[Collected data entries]
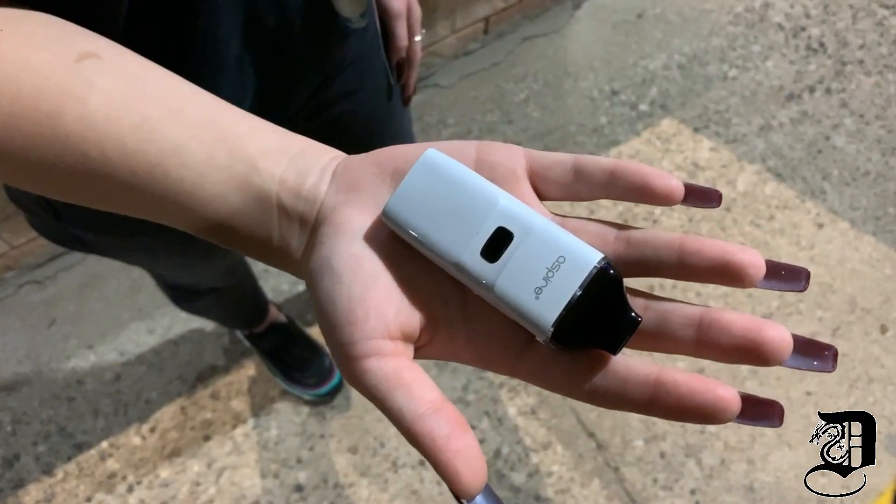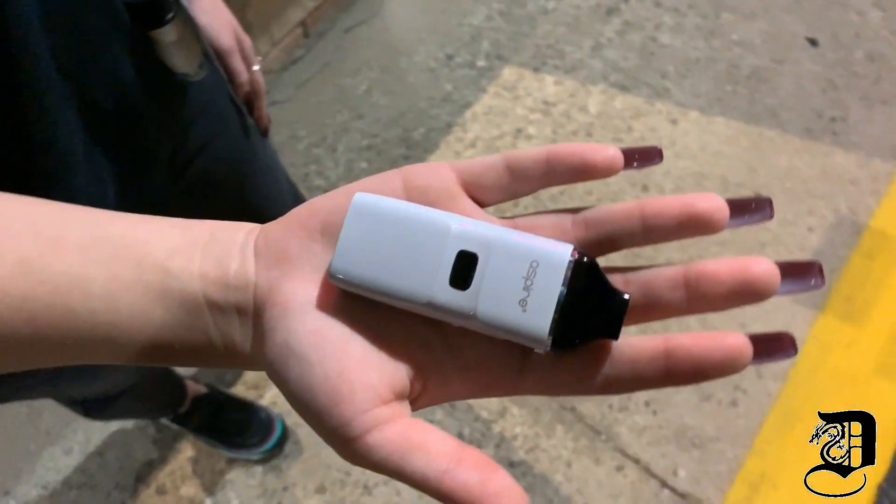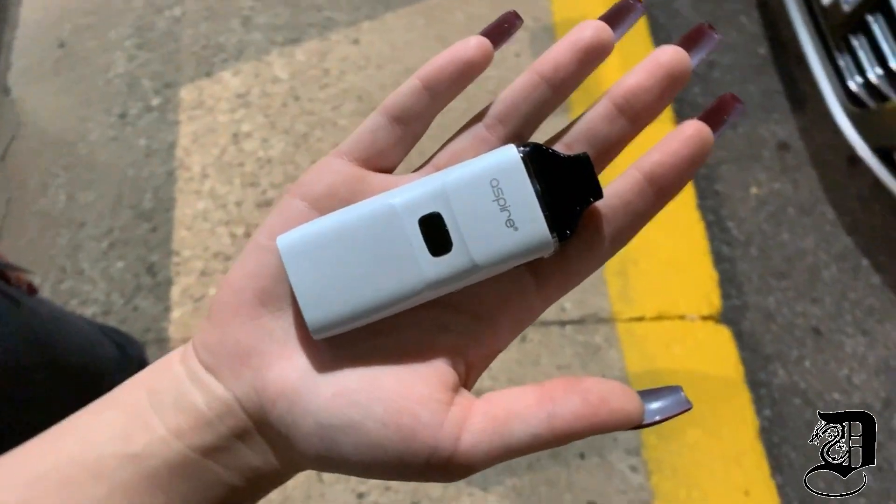First and foremost, it's draw activated or button firing, just like the Breeze 2. The Breeze NXT now has an adjustable airflow dial on the side so it can feel tight like the Caliburn or loose like the Trinity.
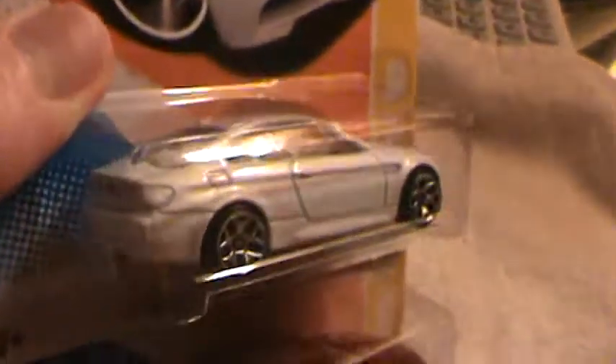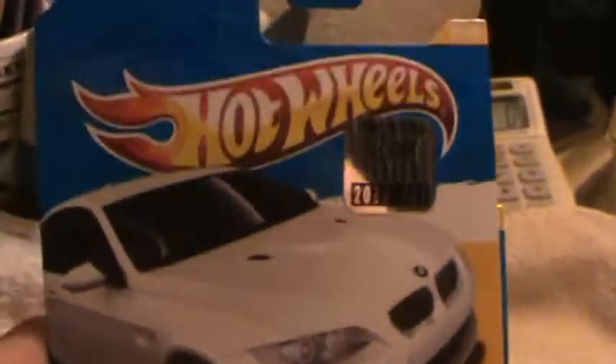2010 BMW M3 — 2011 new models, two different recolors. We have the white and the red, this nice dark maroon red, and they both look good. They're both the same grade, both have the BMW front detail. This one's white and this one's red.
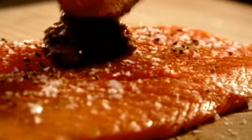Spread whole grain mustard on the other side of the salmon, then sandwich the fillets together. Place the salmon in the center of the pastry and brush around it with egg wash. Season to make the parcel, then trim away any excess pastry and fold.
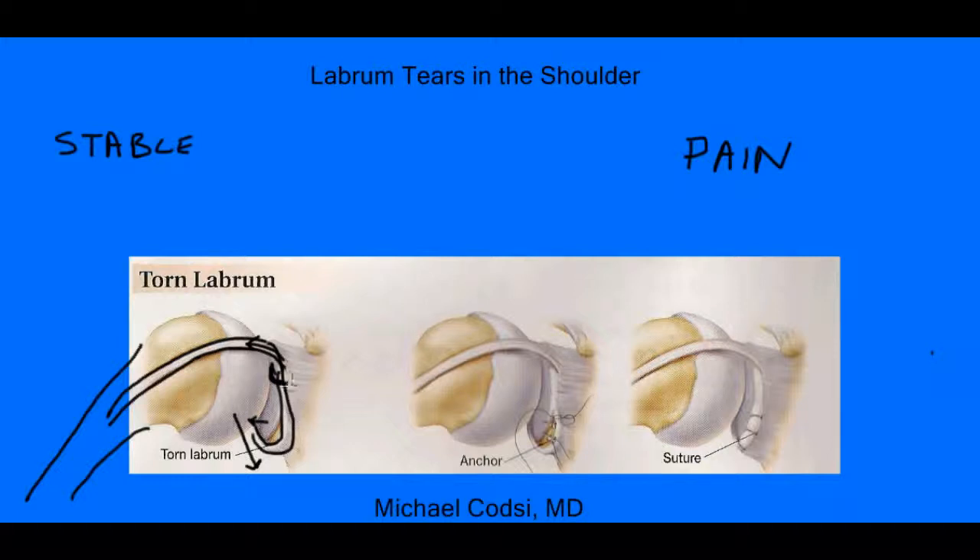This tear right here has a particular name — that is called a SLAP tear. That is because it is on the superior labrum, or the top of the labrum. S is for superior, L is for labrum, A is for anterior, P is for posterior — which is basically the front and the back of the labrum. So SLAP tears are typically pain-generating tears.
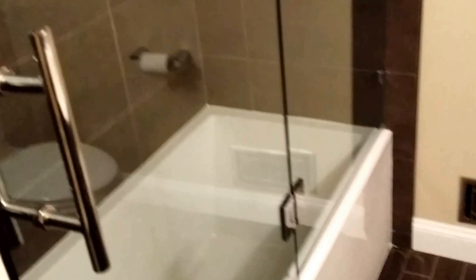The glass that we use is 3/8 shower guard. Very popular nowadays, especially with areas that have a lot of hard water. The shower guard definitely makes a huge impact on keeping the actual enclosure as clean as possible.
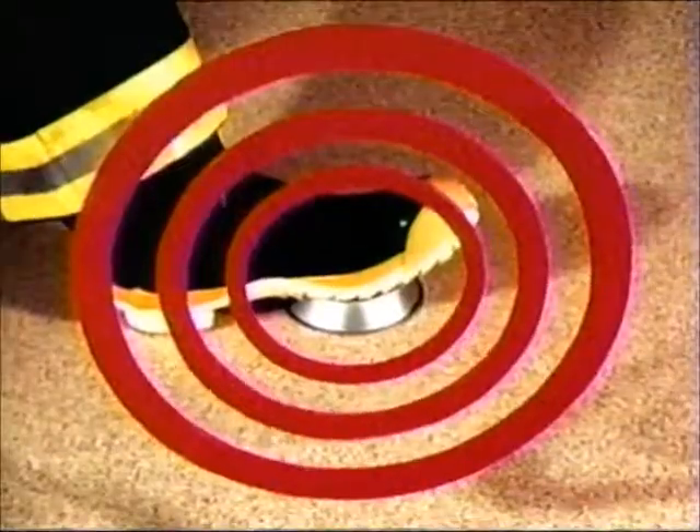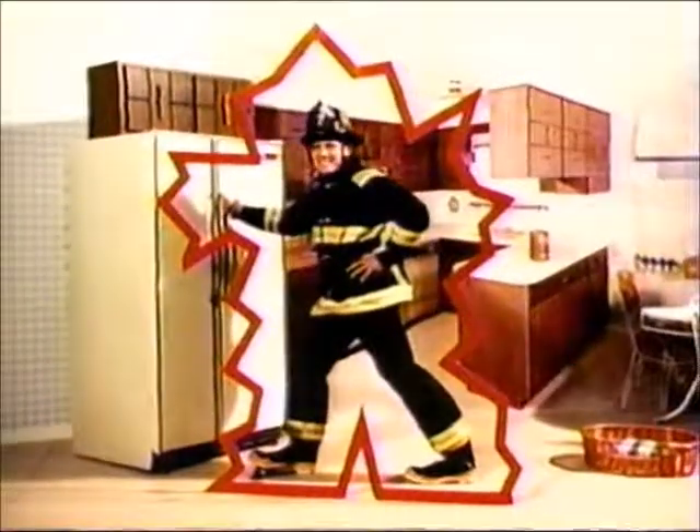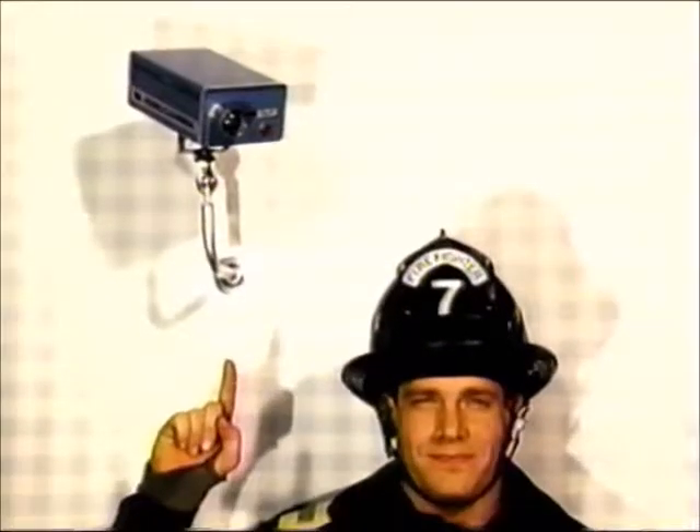When he comes into your kitchen, he'll step on a small red button. Make that button give a force field around the milk in the refrigerator. Also, make that button turn on a video camera so you can know what he looks like.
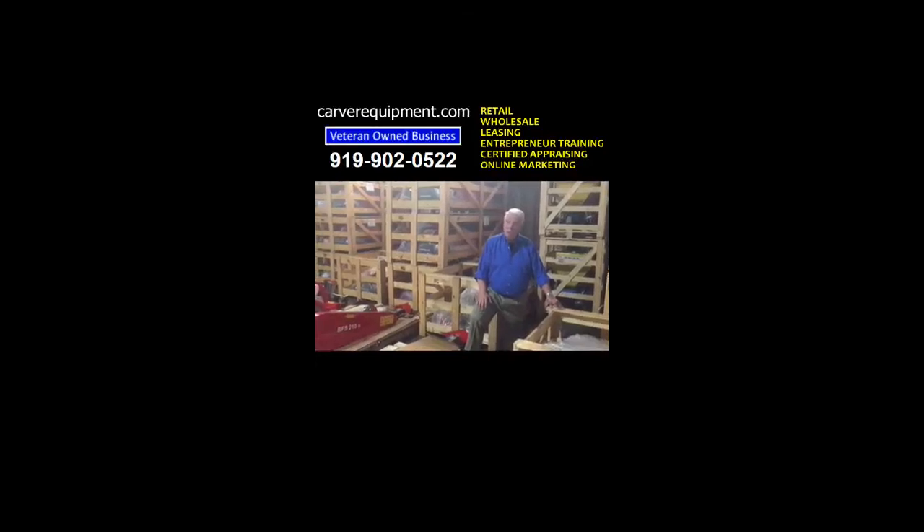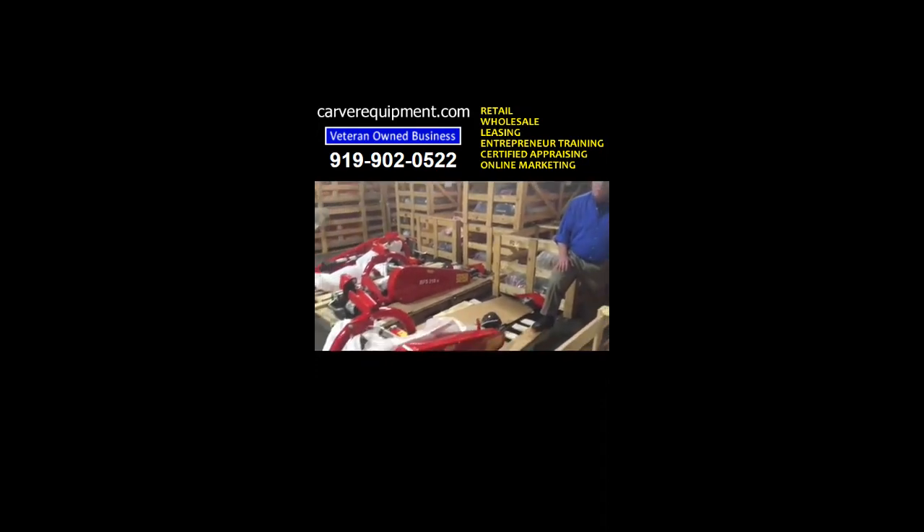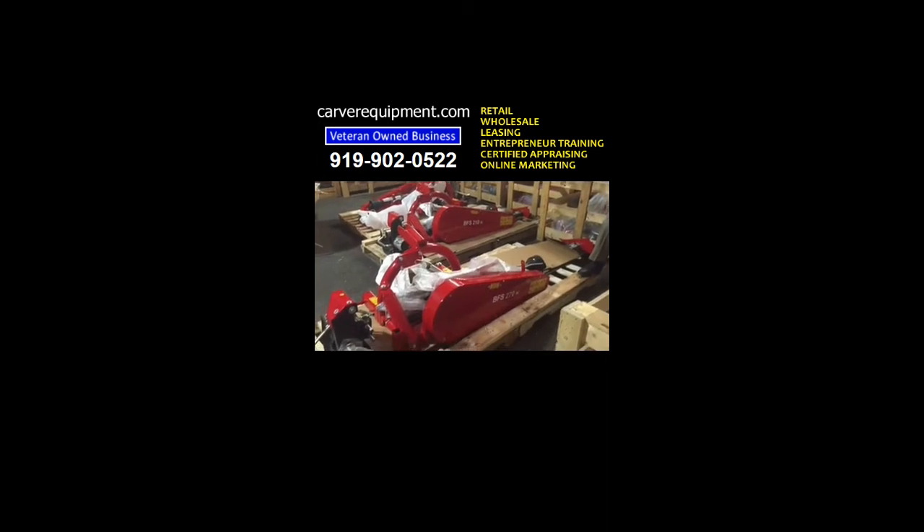We really enjoy selling the Farm Max and Rossi's Sickle Bar Mowers and have sold many hundreds of them. We back them up with great parts support and we certainly look forward to serving you.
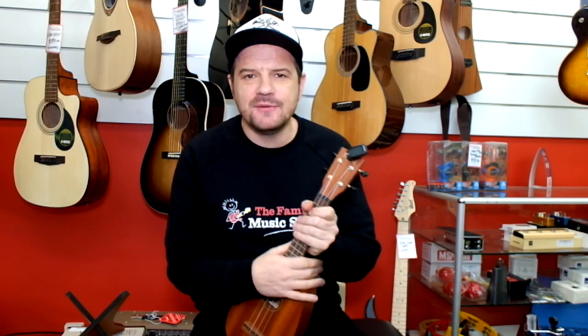I'm Cam from the Family Music Store. Make sure you subscribe to our videos, and if you've got anything else you'd like to learn that's music related, let me know in the comments below. If I know how to do it, maybe I can show you how to do it — and we'll catch you next time.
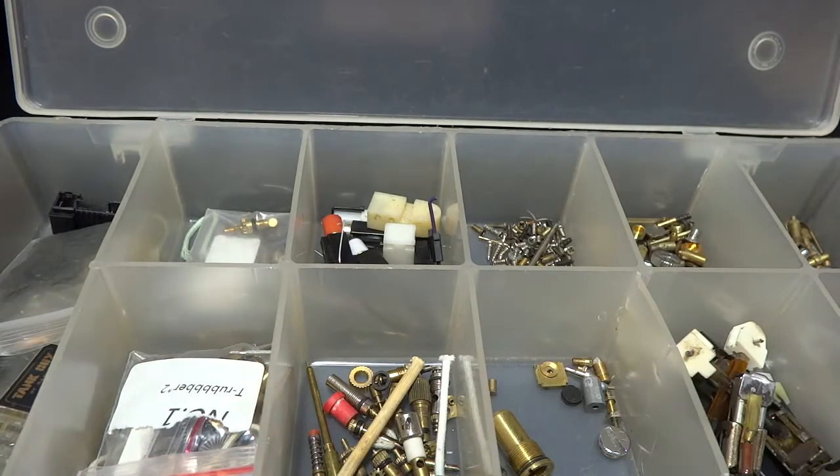Hey guys, I had a guy email me. He's having a hard time figuring out how to get his filler valve out of his lighter.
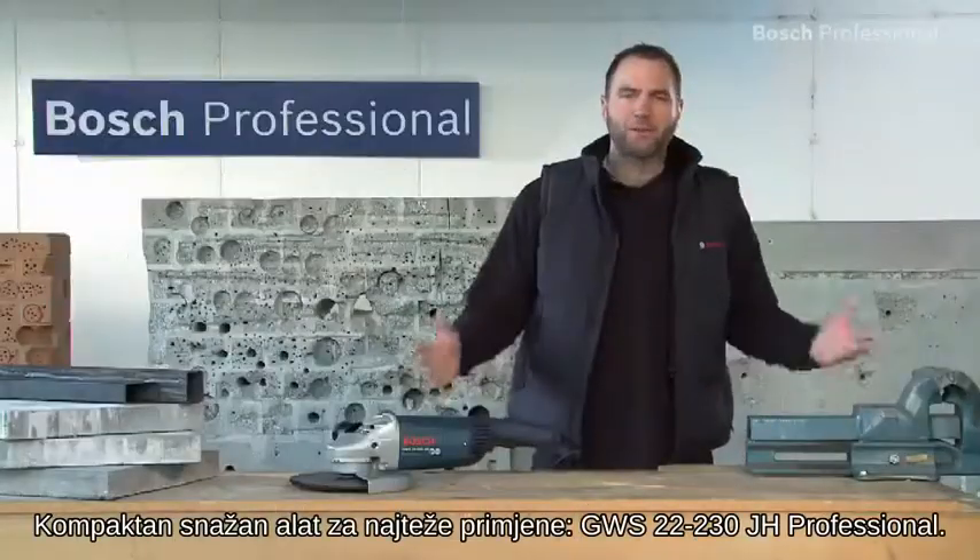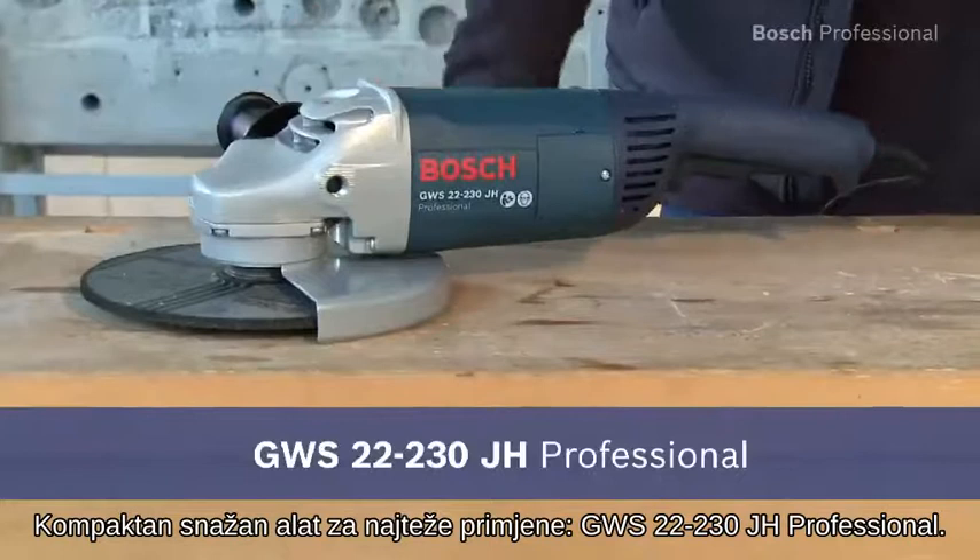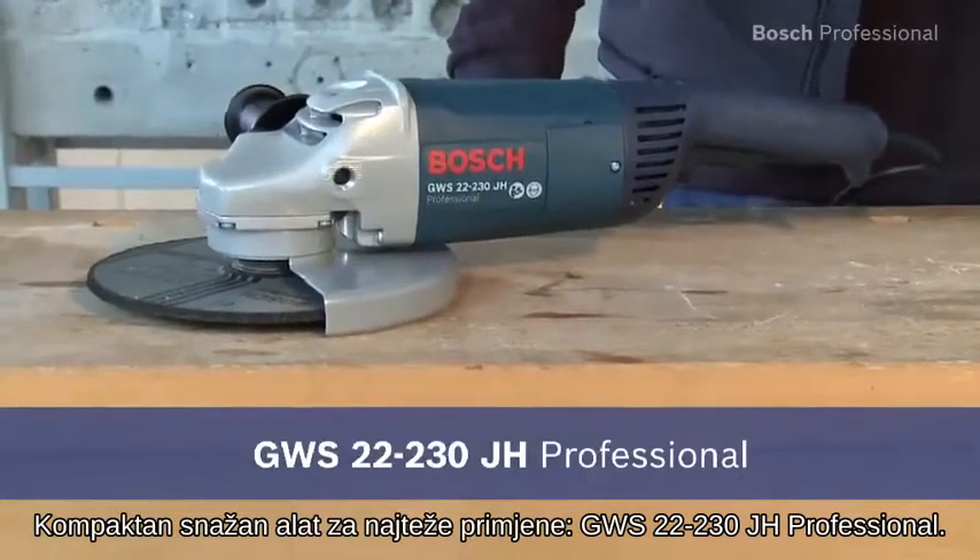The compact, powerful tool for the toughest applications — the GWS 22-230 JH Professional.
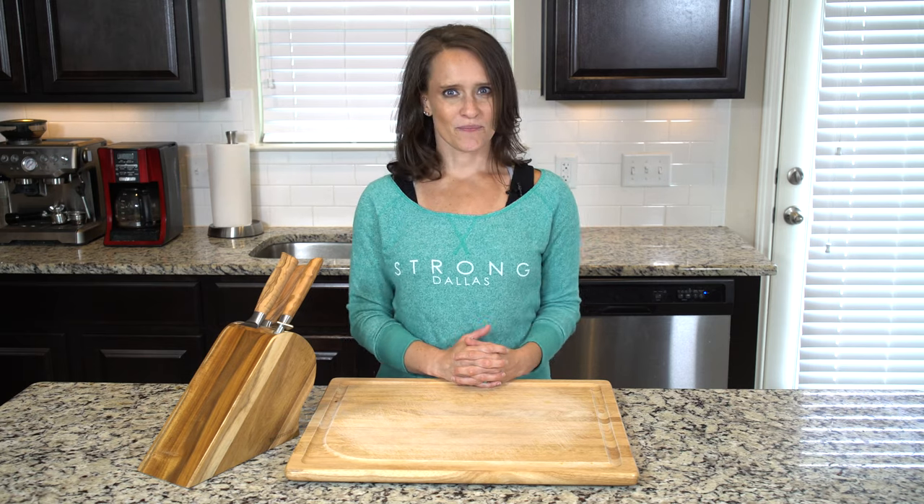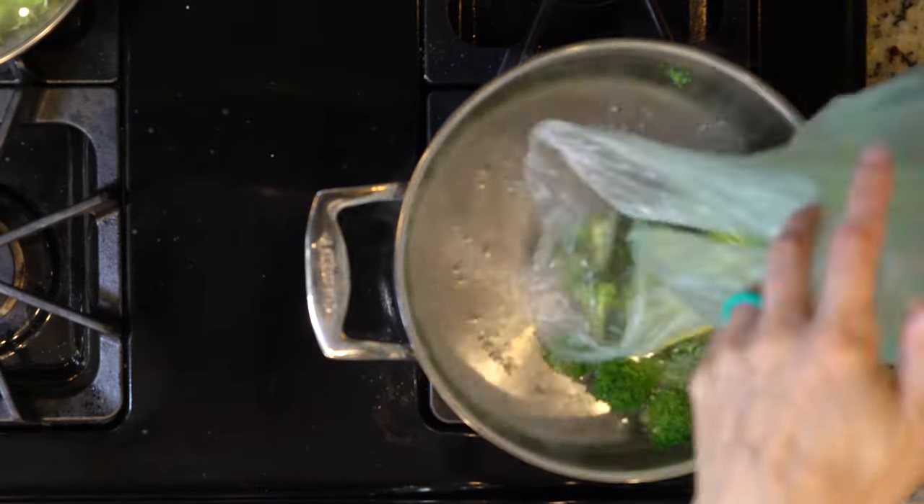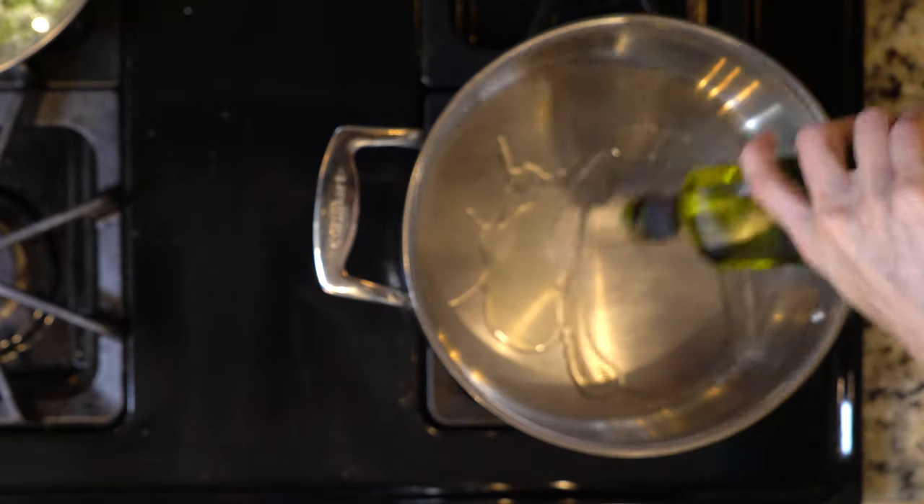On that note, let's get cooking. First, boil a pot of water. Add the broccoli to the boiling water for two minutes — this blanches the veggies. Then drain and rinse with cold water and set that aside.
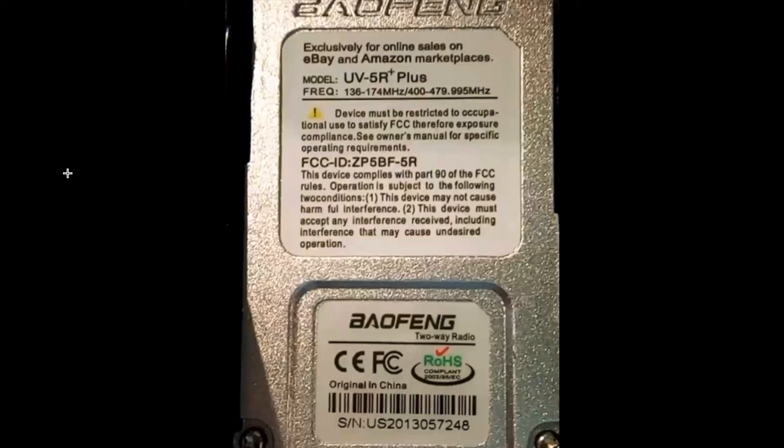The first example I want to take a look at is this particular radio — it is a UV-5R+. There are a couple of things about this label that look suspect to me. I'm not saying it's a counterfeit or a fake label, but it says 'exclusively for online sales on eBay and Amazon marketplaces.' You don't typically see things like this on radio FCC ID labels. The FCC ID ZP5BF-5R is the same ID for the UV-5R. Does that mean this radio is electronically similar and grandfathered in under that ID? I really don't know, but seeing the eBay and Amazon text and not seeing UV-5R+ in the list of grants given to Baofeng makes me a little suspect.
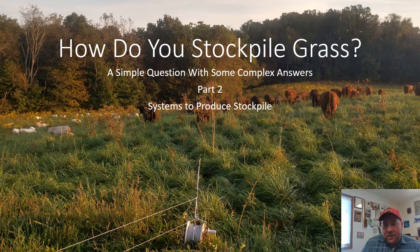Hey there, neighbors and naysayers. Clint Finney again with Part 2 of how to stockpile grass. In this section I'm going to go a little more in depth on some systems that I worked out using the models I produced, that I think will help us produce more stockpiled grass.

**Assignment:**
Print out the entries above word for word from the first line to the line containing "We really enjoy", both included, omitting the pictures.

**Exercise solution:**
First and foremost, it's draw activated or button firing, just like the Breeze 2. The Breeze NXT now has an adjustable airflow dial on the side so it can feel tight like the Caliburn or loose like the Trinity.
2010 BMW M3 — 2011 new models, two different recolors. We have the white and the red, this nice dark maroon red, and they both look good. They're both the same grade, both have the BMW front detail. This one's white and this one's red.
Spread whole grain mustard on the other side of the salmon, then sandwich the fillets together. Place the salmon in the center of the pastry and brush around it with egg wash. Season to make the parcel, then trim away any excess pastry and fold.
This tear right here has a particular name — that is called a SLAP tear. That is because it is on the superior labrum, or the top of the labrum. S is for superior, L is for labrum, A is for anterior, P is for posterior — which is basically the front and the back of the labrum. So SLAP tears are typically pain-generating tears.
The glass that we use is 3/8 shower guard. Very popular nowadays, especially with areas that have a lot of hard water. The shower guard definitely makes a huge impact on keeping the actual enclosure as clean as possible.
When he comes into your kitchen, he'll step on a small red button. Make that button give a force field around the milk in the refrigerator. Also, make that button turn on a video camera so you can know what he looks like.
We really enjoy selling the Farm Max and Rossi's Sickle Bar Mowers and have sold many hundreds of them. We back them up with great parts support and we certainly look forward to serving you.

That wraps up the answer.